Activity.
This exercise calls for the line with "Ford S-Max 2.0 EcoBlue Titanium - 19", the line with "Fiat 500 1.2 Pop Start&Stop - 14", and all lines between them in the material below, output exactly and with no other lines.

Task material.
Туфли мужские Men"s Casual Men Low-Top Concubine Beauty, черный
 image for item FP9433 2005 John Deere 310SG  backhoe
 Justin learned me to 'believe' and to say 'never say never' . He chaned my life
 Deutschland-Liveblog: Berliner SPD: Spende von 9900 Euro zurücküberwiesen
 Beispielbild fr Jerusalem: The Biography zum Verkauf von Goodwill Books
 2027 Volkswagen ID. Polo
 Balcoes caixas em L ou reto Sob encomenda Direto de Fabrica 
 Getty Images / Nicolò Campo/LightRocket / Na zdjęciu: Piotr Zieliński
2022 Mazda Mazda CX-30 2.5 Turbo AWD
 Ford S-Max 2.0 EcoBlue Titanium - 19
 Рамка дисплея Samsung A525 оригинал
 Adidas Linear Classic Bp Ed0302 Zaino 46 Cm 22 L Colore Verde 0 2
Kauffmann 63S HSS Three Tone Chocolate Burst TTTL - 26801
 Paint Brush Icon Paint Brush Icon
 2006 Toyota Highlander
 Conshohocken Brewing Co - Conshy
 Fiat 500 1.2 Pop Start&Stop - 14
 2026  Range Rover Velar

Exercise response.
 Ford S-Max 2.0 EcoBlue Titanium - 19
 Рамка дисплея Samsung A525 оригинал
 Adidas Linear Classic Bp Ed0302 Zaino 46 Cm 22 L Colore Verde 0 2
Kauffmann 63S HSS Three Tone Chocolate Burst TTTL - 26801
 Paint Brush Icon Paint Brush Icon
 2006 Toyota Highlander
 Conshohocken Brewing Co - Conshy
 Fiat 500 1.2 Pop Start&Stop - 14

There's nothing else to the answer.